Winter Cove is bordered to the south and east by a BC Provincial Marine Park. Around the shore, there isn’t a great deal of development. Even after another boat or two arrived for the night, considering the forested surroundings and the astoundingly small number of non-rally cruisers, it really felt like we had this sought-after anchorage to ourselves. Given past experience with swirly currents, we advised against an overnight raft-up; but several rally boats rafted to one another for some refreshing sundowners after a fairly long travel day.

Once the raft-up parties broke up in the late daylight hours, some crews went to shore to explore the park or hunt for blackberries, while I ventured out in Blackbird’s dinghy with my camera to try for some glamor shots of rally goers and their boats. I thought, surely, this will be remembered as the best night of the trip (and possibly our respective summers), little did I know the “best” nights were only getting started. The sunset rolled on and on, deepening to rich oranges and purples as the luminous half-moon hung in the southwestern sky. The night was quiet as can be — so quiet you could hear the rushing waters of Boat Pass from the cockpit from a quarter-mile across the bay. I love Winter Cove.

On the following day, we enjoyed our first bright, sunny morning of the trip. Since we had a short travel day, we invited everyone ashore for coffee hour, along with a little business and a little more fun. Each day of the rally, we begin with a briefing covering the day’s navigation, weather predictions, and eventual destination. Often communicated over VHF, text message, or both, it was nice to discuss the day’s plans in person while standing around a chart. Our destination was Annette Inlet on Prevost Island — a location none of us had ever visited. Thus, our discussions leaned more on cruising guides and navigational resources than personal experience.

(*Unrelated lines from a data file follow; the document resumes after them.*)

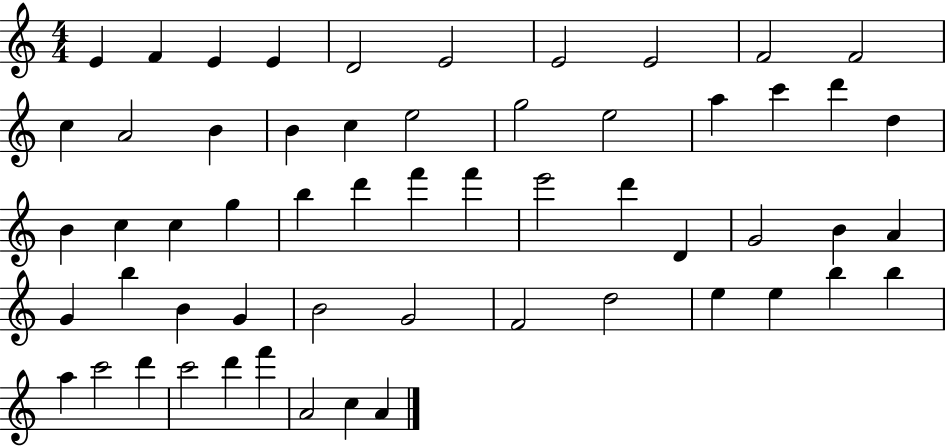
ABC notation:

X:1
T:Untitled
M:4/4
L:1/4
K:C
E F E E D2 E2 E2 E2 F2 F2 c A2 B B c e2 g2 e2 a c' d' d B c c g b d' f' f' e'2 d' D G2 B A G b B G B2 G2 F2 d2 e e b b a c'2 d' c'2 d' f' A2 c A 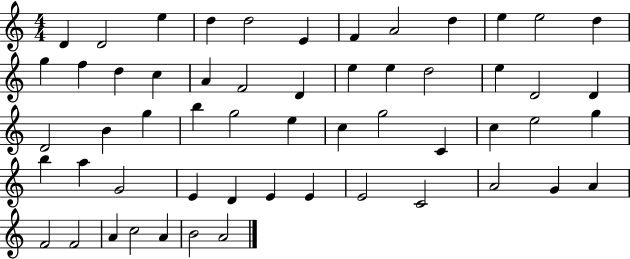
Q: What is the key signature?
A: C major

Before setting off, our group pursued a variety of shoreside activities. The crew from the Catalina 36, Castlewellan, had folding bikes and were already cruising around Saturna. Others strolled out to check out the park’s resident tidal rapids at Boat Pass. Those remaining got to enjoy a rally tradition — lawn games overlooking our anchored armada. Repeat rally attendee, Ed aboard his Tartan 3400 Rugosa, had brought a ladder ball set along; and I had my favorite lawn game, Kubb, as I typically do. After several hours of exploration and serious lawn game amusement ashore, it was time to weigh anchor and make our 10-mile transit.

After exiting Winter Cove, we noted several whale watching boats southwest of the channel. Proceeding slowly across Plumper Sound, we were giddy with anticipation… could it be? Yes! “Orcas!”

We sailed slowly under main alone, enjoying the intermittent show of at least four of these extraordinary animals. They swam east along Saturna’s Elliot Bluff and Payne Point, essentially greeting several rally boats as they began the day’s travel. The whole experience was gleefully PNW!

It’s tough to tear oneself away from an orca show, but soon we pointed north and enjoyed a bit of upwind sailing until the breeze evaporated in Trincomali Channel and we motor-sailed around Pile Point, the northernmost point of Prevost Island.

Orcas greeted rally participants just outside Winter Cove in Plumper Sound.

Passing several other enticing anchorages, we approached Annette Inlet slowly. It is a nerve-racking entrance, with a centrally located unmarked rock at the mouth. The mile-long bay is only a few hundred feet wide at its widest point. In the northern section of the inlet, boats were swinging at anchor, staggered to fit in tight spots. Passing by required weaving between these vessels in close proximity — we even disturbed a nude sunbather aboard one. Oops!

Four rally boats, secured by three anchors and two stern-ties, had a blissful stopover in Annette Inlet.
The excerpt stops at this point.